Describe why the stroke volume decreases with age. (4)
Cardiac conduction cells decrease in number, increasing prevalence of heart blocks, ectopics, arrhythmias and AF.
Also reduction in stroke volume and ventricular contractility.
Describe four things about pharmacology that need to be considered when prescribing to the aged. (8)
Reduced CO - delayed onset of IV anaesthesia.
Reduced body water and increased adipose - altered Vd of drugs.
Reduced plasma proteins - decrease in drug binding.
Polypharmacy encourages ADRs and DDIs.
Describe the concept of “arm-brain time”. (3)
Time it takes for IV anaesthesia to kick in after being administered into the arm. Increased in old people, due to decreased CO.
Describe the causes of reduced GFR in the elderly. (5)
Natural age-related decline
Fall in cardiac output
Atheromatous vascular disease
Nephrotoxic drugs - ACEi and NSAIDs.
Describe the relationship with ageing and neurological disease. (3)
Cerebrovascular Disease is common secondarily to atherosclerosis and hypertension, which are both more common in age. Dementia is also associated with increased age.
Describe the causes of a loss in thermoregulatory capabilities in the elderly, and explain why this is an issue. (4)
Nasal metabolic rate decreases with age, as does muscle mass.
This can become a problem if an elderly person can’t afford to heat their home.
Describe why it is a problem that patients can leave hospital more malnourished than when they came in. (2)
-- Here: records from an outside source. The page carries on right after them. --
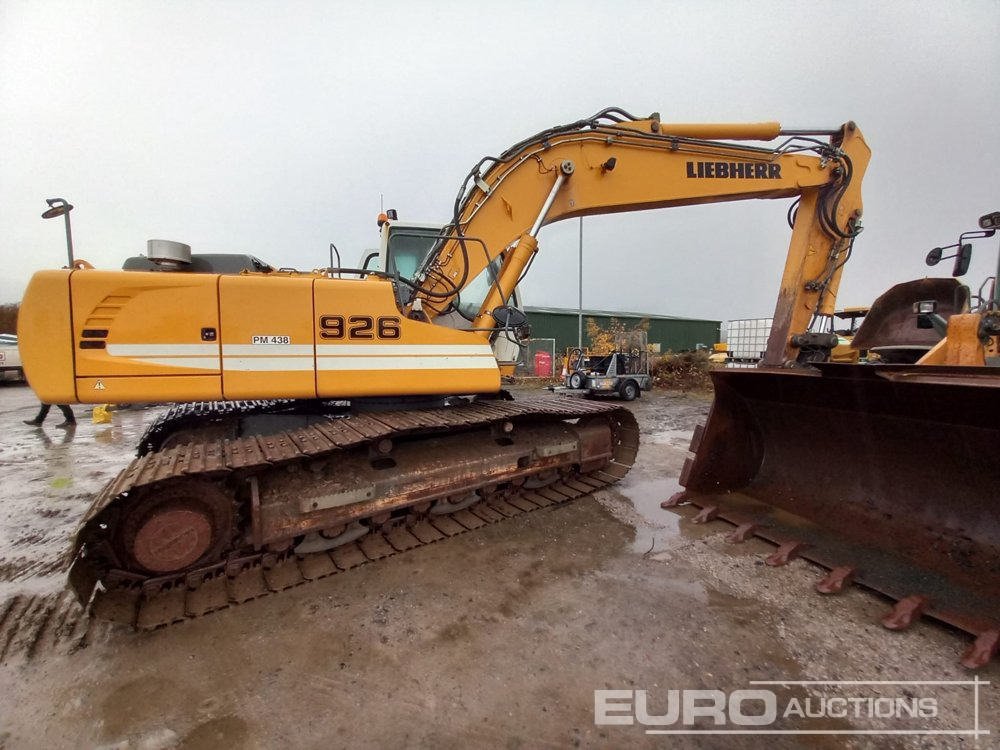 2012 Liebherr R926LC Litronic - Rupsgraafmachine: afbeelding 5 2012 Liebherr R926LC Litronic - Rupsgraafmachine: afbeelding 5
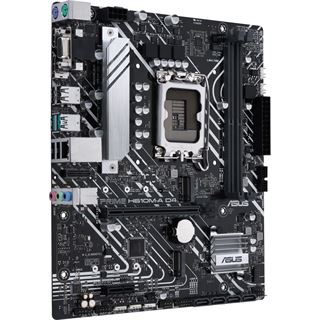 Asus Prime H610M-A D4-CSM Intel H610 So.1700 DDR4 mATX Retail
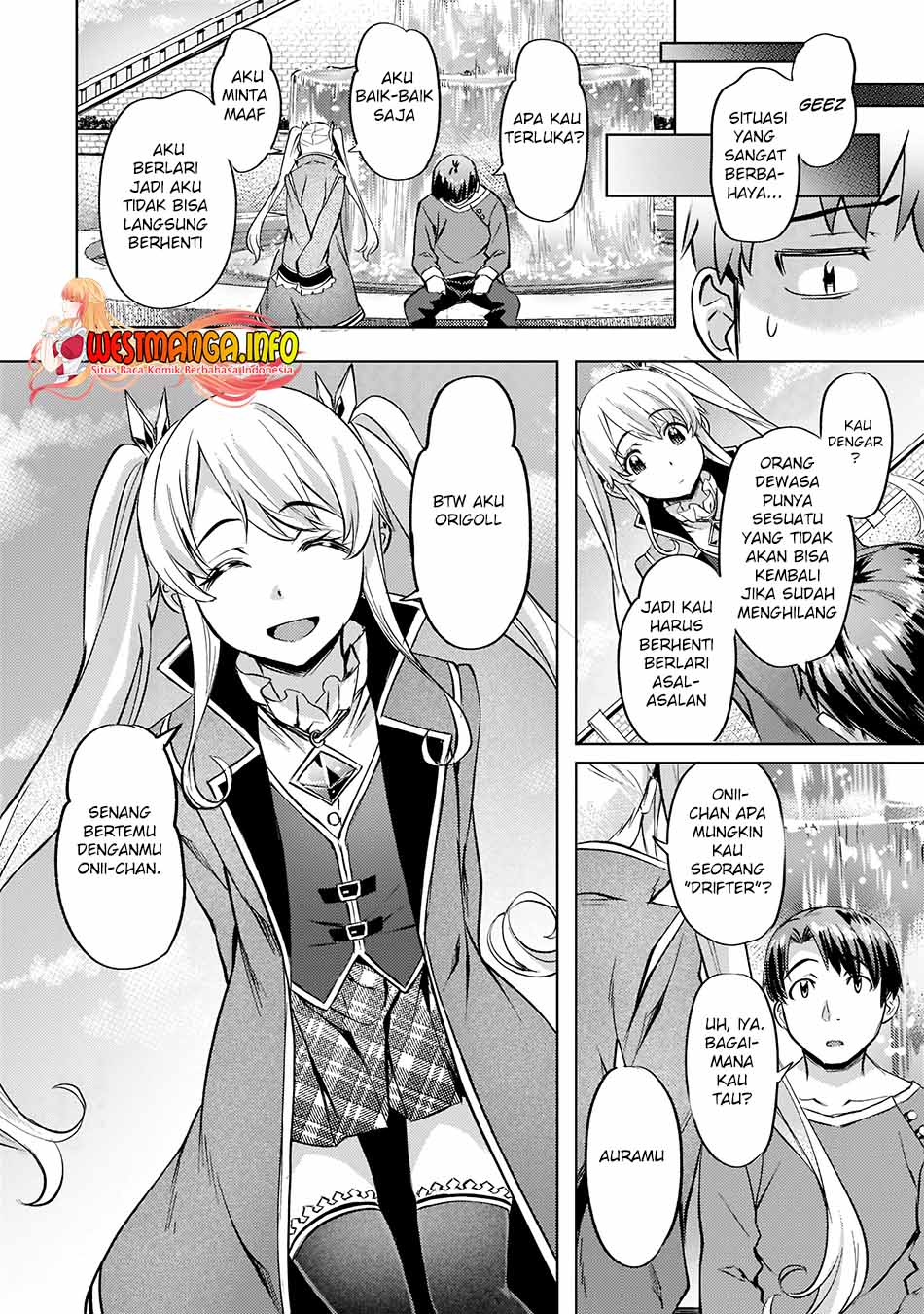 Isekai de Slow Life wo (Ganbou) Chapter 27 - halaman 15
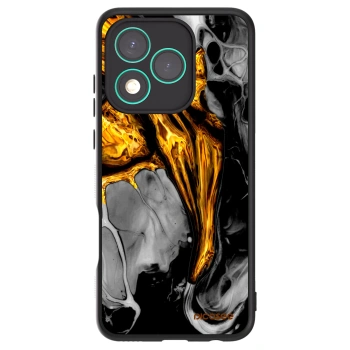Θήκη για Honor 400 Lite 5G - Black Gold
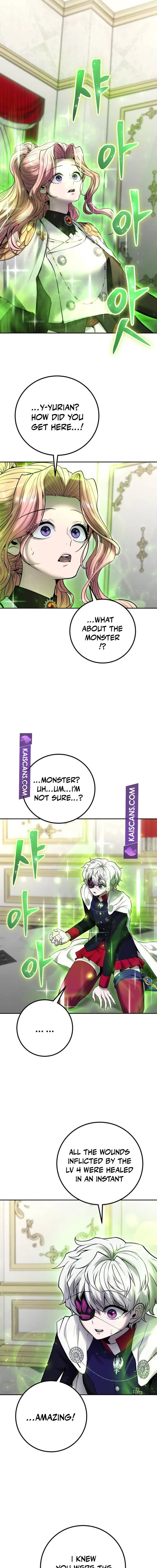 Secretly More Powerful Than the Hero Chapter 37 — Page 7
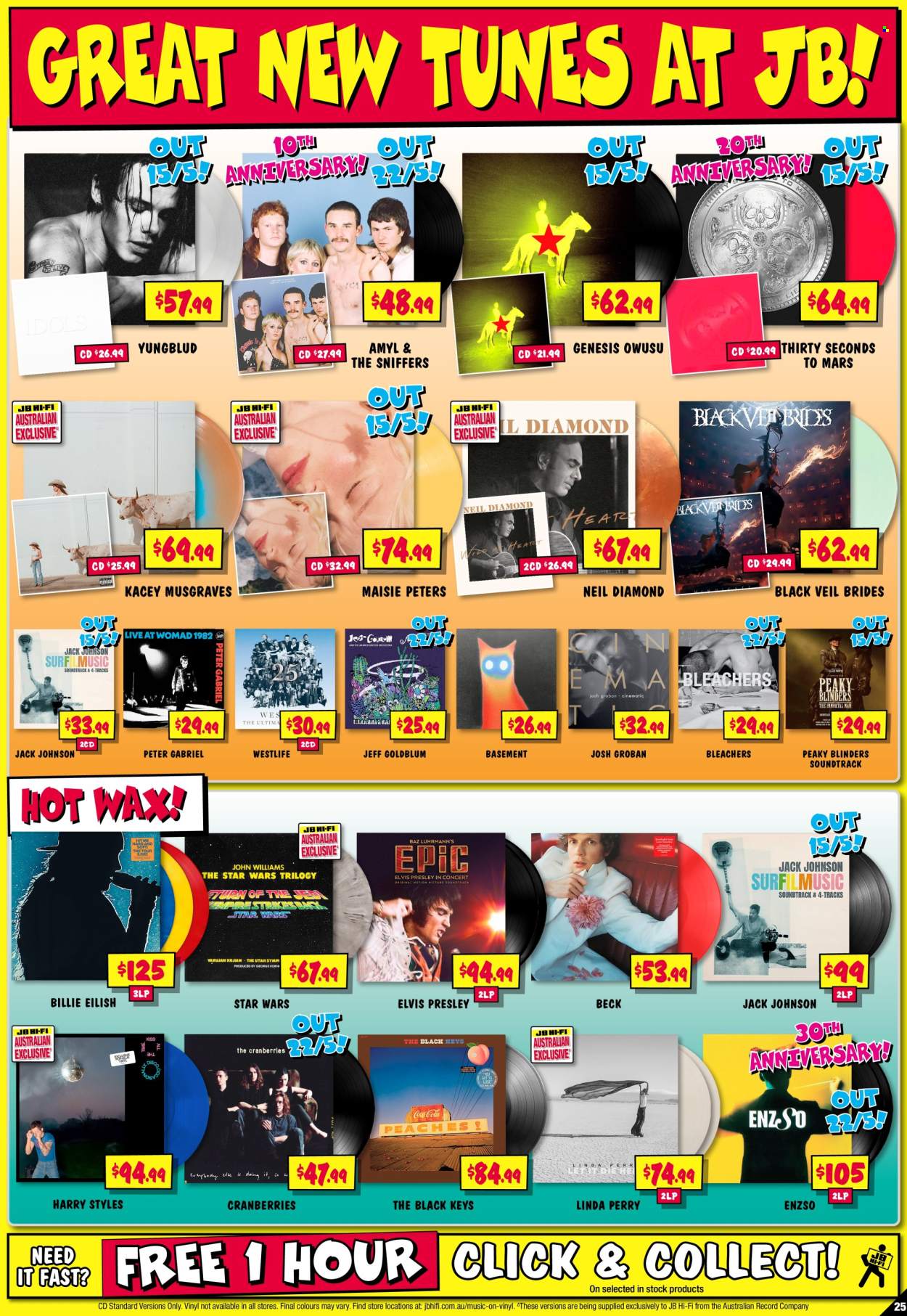 JB Hi-Fi catalogue - 14 May 2026 - 27 May 2026. Page 25
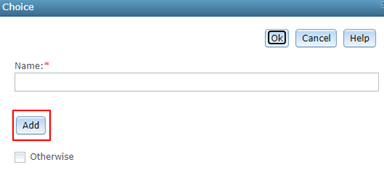 Add a conditional statement Add a conditional statement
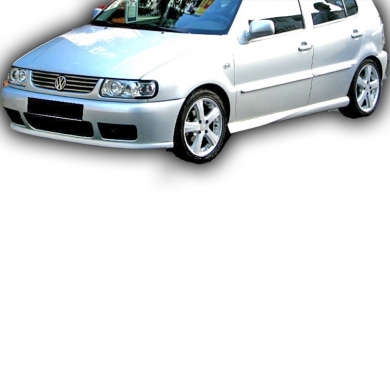 Volkswagen Polo 1998-2002 Yan Marşpiyel Boyalı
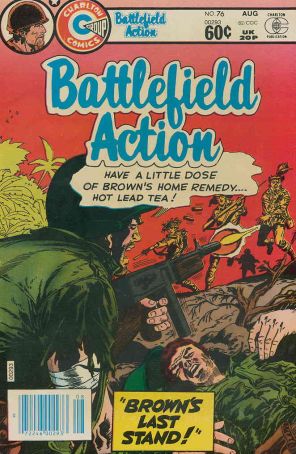 Battlefield Action # 76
Pressure sores can accumulate if the patient is especially thin and not very mobile.
Describe how to take a history of a fall. (15)
Who - can we get a collateral history?
When - when did it occur? What were they doing?
Where - out? At home? Trip? Flashing lights?
What - before (symptoms prior to fall), during (LoC, incontinence, tongue biting, injuries) and after (confusion, regaining consciousness)
How - how long were they down? How many falls?